### Author Topic: Sugar & Final Gravity reduction  (Read 1472 times)

#### BrodyR

• Brewer
• Posts: 492
##### Sugar & Final Gravity reduction
« on: April 25, 2014, 08:21:37 PM »
So today I was messing around in BeerSmith and realized that when you add sugar to a recipe the estimated final gravity decreases.

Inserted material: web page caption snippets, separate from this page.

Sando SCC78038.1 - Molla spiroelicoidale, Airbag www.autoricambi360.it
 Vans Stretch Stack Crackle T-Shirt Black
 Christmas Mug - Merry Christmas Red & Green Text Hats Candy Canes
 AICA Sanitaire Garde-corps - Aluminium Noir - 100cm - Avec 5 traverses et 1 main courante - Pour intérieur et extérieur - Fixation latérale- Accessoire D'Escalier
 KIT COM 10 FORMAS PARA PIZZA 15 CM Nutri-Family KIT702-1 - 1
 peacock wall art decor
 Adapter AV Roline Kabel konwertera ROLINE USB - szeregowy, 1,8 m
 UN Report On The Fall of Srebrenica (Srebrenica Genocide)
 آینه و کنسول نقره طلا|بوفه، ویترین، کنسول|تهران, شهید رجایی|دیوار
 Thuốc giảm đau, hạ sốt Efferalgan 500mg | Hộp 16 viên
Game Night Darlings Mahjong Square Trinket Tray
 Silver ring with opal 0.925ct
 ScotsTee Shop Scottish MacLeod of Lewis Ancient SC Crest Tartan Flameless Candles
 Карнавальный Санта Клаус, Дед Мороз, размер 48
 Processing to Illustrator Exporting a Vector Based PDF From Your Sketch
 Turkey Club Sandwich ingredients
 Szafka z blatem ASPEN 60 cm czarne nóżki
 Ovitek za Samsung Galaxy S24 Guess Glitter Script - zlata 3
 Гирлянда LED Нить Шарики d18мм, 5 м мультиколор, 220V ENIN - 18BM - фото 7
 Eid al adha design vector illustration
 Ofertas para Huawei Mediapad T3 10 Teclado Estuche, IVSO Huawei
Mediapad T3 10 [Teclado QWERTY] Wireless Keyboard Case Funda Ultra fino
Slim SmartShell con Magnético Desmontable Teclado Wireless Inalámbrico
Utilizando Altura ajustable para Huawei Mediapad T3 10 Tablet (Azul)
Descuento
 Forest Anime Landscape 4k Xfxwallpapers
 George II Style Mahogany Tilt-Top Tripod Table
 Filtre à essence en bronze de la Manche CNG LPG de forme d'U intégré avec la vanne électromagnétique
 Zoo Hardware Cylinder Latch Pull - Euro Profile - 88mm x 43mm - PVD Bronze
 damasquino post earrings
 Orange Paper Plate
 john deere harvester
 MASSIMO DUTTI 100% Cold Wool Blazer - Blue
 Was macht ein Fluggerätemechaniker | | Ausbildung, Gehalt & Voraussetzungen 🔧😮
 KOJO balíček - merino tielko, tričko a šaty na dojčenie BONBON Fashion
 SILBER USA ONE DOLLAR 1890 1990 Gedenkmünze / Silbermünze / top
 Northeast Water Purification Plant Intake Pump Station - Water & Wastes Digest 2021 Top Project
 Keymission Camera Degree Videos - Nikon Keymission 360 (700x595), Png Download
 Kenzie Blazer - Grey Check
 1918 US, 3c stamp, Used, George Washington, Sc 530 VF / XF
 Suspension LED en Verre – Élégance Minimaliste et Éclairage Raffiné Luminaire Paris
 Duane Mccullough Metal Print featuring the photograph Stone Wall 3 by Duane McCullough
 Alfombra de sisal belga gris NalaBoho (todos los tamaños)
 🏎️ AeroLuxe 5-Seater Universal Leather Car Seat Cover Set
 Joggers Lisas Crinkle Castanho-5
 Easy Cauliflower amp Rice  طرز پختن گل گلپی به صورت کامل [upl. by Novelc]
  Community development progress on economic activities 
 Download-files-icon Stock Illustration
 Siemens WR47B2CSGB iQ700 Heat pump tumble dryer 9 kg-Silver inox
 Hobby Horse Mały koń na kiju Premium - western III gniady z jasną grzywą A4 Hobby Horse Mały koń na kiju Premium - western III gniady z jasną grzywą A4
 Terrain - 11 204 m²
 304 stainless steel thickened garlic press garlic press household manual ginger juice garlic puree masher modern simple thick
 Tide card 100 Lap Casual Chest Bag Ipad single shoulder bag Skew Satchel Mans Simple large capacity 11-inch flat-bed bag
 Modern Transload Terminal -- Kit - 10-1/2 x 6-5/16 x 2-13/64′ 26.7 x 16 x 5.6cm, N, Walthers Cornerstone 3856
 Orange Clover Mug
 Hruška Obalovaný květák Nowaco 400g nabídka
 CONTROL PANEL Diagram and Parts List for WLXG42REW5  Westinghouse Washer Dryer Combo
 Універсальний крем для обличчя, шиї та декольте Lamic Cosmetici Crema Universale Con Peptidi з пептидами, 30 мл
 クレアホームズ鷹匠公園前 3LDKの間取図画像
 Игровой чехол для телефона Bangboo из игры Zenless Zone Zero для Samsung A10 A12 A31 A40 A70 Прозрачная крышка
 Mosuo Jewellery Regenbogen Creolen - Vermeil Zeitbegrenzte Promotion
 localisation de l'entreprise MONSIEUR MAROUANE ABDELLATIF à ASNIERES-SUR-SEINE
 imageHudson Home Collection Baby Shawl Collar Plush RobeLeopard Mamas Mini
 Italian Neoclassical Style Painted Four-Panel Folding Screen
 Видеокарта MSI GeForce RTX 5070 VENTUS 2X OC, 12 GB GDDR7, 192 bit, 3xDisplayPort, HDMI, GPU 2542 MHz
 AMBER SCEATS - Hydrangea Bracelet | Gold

I was aware that subbing out some malt for sugar would lead to a lower FG as it completely ferments but it surprised me that it would actually decrease the FG. Is anyone able to explain the logic behind that? I'm also wondering if this explains why sometimes my beers are a couple points lower when opened than they were at bottling time before being primed.

#### erockrph

• Official Poobah of No Life.
• Posts: 5892
• Chepachet, RI
##### Re: Sugar & Final Gravity reduction
« Reply #1 on: April 25, 2014, 08:35:02 PM »
The specific gravity of ethanol is less than water. If you're adding table sugar to a recipe, you can assume that it will ferment out completely. This leaves you with the same concentration of unfermented sugars (from the malt), but more alcohol in solution than if you hadn't added the sugar. Since there's more alcohol, the SG will be lower.
Eric B.

Finally got around to starting a homebrewing blog: The Hop Whisperer

#### dmtaylor

• I spend way too much time on the AHA forum
• Posts: 2634
• Two Rivers, WI
##### Re: Sugar & Final Gravity reduction
« Reply #2 on: April 26, 2014, 05:05:01 AM »
If you SUBSTITUTE malt for sugar, then final gravity will decrease.  This is because you've gone from something 65-75% fermentable to 100% fermentable.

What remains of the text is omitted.